Un canapé peut être un lieu où l’on écoute de la musique, regarde un film, lit un livre, dort, échange quelques mots ou, tout simplement, enrichit un espace. Un canapé peut être conçu autour de l’un de ces usages, et beaucoup le sont.
Celui-ci, pourtant, est né d’une autre idée : demeurer à sa place, hors du temps.
Nous voulions dépasser une époque dominée par le jetable. Aujourd’hui, nous parlerions sans doute de durabilité.
Pour qu’un canapé puisse accompagner son propriétaire pendant 10, 50, voire 100 ans, il doit avant tout posséder un dessin dont on ne se lasse pas. Parce que chacun utilise un canapé à sa manière, il doit également être polyvalent plutôt que pensé pour un usage unique. Ses matériaux doivent offrir une durabilité exceptionnelle. Sa fabrication ne peut reposer sur la production de masse, mais sur un savoir-faire attentif et exigeant. Et surtout, il doit posséder une dignité capable de traverser les années.

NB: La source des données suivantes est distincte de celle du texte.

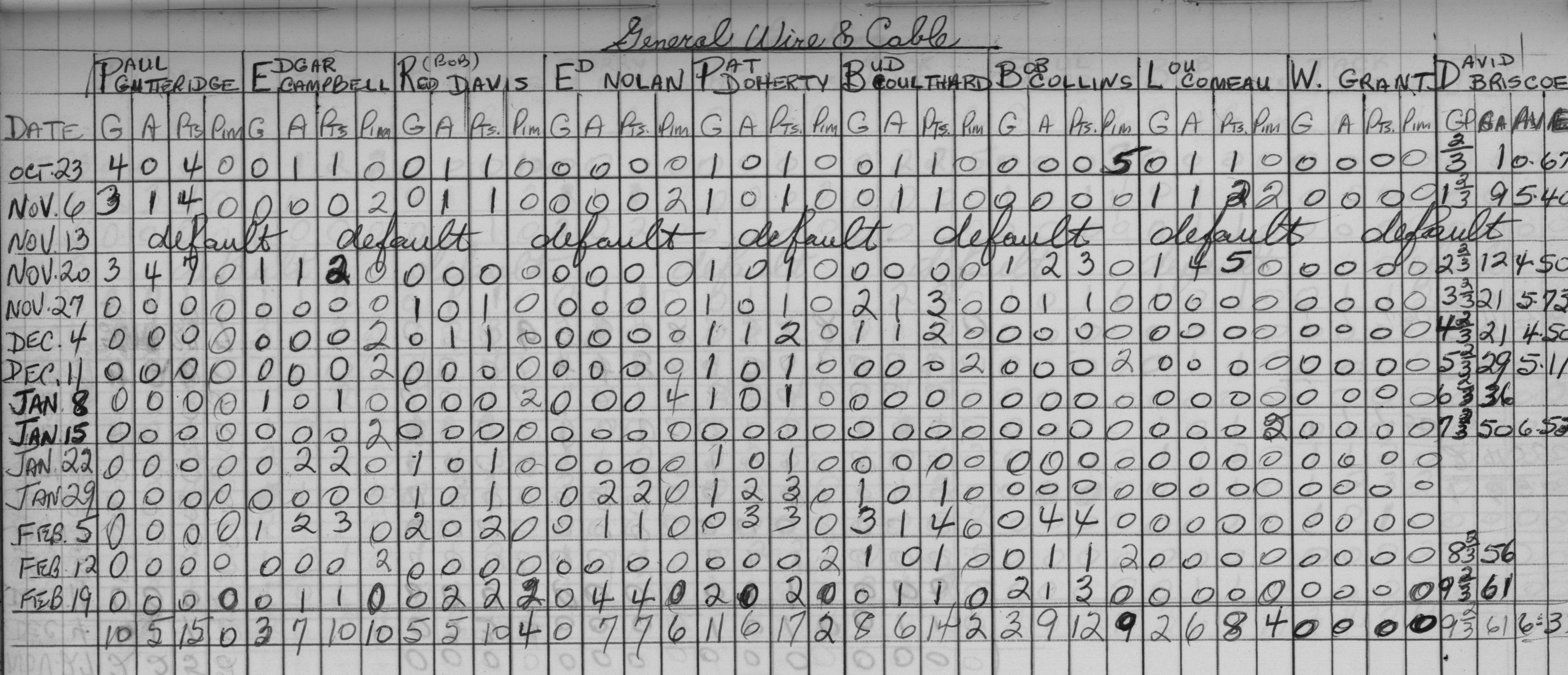 Mercantile-1966-stats-general wire and cable0001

Pourtant, bien qu’il ait été le cinquième canapé que j’aie jamais dessiné, plus de vingt années se sont écoulées avant qu’il puisse enfin entrer en production.
Simple, mais extraordinairement durable. À bien y réfléchir, c’est peut-être cela, le canapé ultime.
Le véritable défi était de trouver les artisans capables de lui donner vie. Sa réalisation n’était pas possible au Japon. Mais la rencontre avec un petit atelier italien d’exception a finalement permis de concrétiser ce projet.
Aujourd’hui, je me trouve enfin face à un moment que j’attends depuis très longtemps.
Parmi les plus de cent canapés que j’ai dessinés, le cinquième était resté comme un espace vide dans la suite. Ce vide est désormais comblé.
Vingt ans de gestation.
Je ne dévoilerai pas tous ses secrets, mais ce canapé renferme d’innombrables idées et innovations, toutes pensées pour lui permettre de transcender le temps. C’est peut-être pour cela qu’il dégage une indéniable impression de raffinement.
Conçu pendant plus de vingt ans, créé pour transcender le temps.
Le canapé suprême, « 5 », est enfin arrivé.